* Activity *
Beneath this line is the data. Output exactly the lines from the line with "Collana con perle blu e argento" to the line with "Today marks the", both ends included, and nothing more.

══ Record excerpts

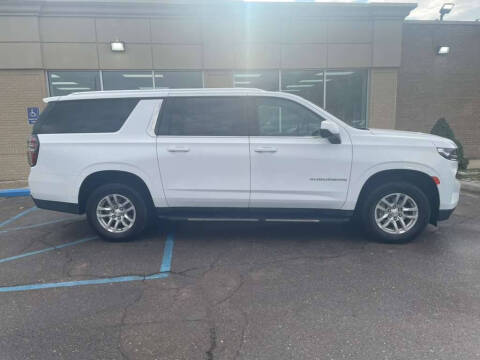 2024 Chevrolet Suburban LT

════
══ Record excerpts

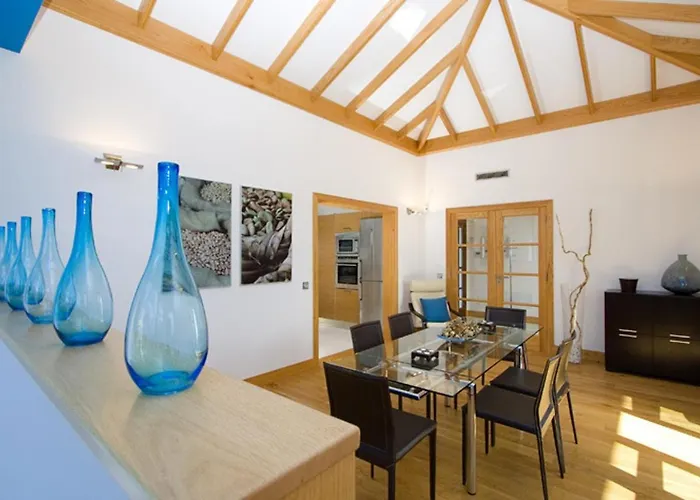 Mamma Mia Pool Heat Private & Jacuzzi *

════
══ Record excerpts

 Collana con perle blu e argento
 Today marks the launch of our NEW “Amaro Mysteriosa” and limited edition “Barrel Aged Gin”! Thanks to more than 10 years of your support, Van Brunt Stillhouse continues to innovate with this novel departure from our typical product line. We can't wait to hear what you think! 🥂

════

* Task answer *
 Collana con perle blu e argento
 Today marks the launch of our NEW “Amaro Mysteriosa” and limited edition “Barrel Aged Gin”! Thanks to more than 10 years of your support, Van Brunt Stillhouse continues to innovate with this novel departure from our typical product line. We can't wait to hear what you think! 🥂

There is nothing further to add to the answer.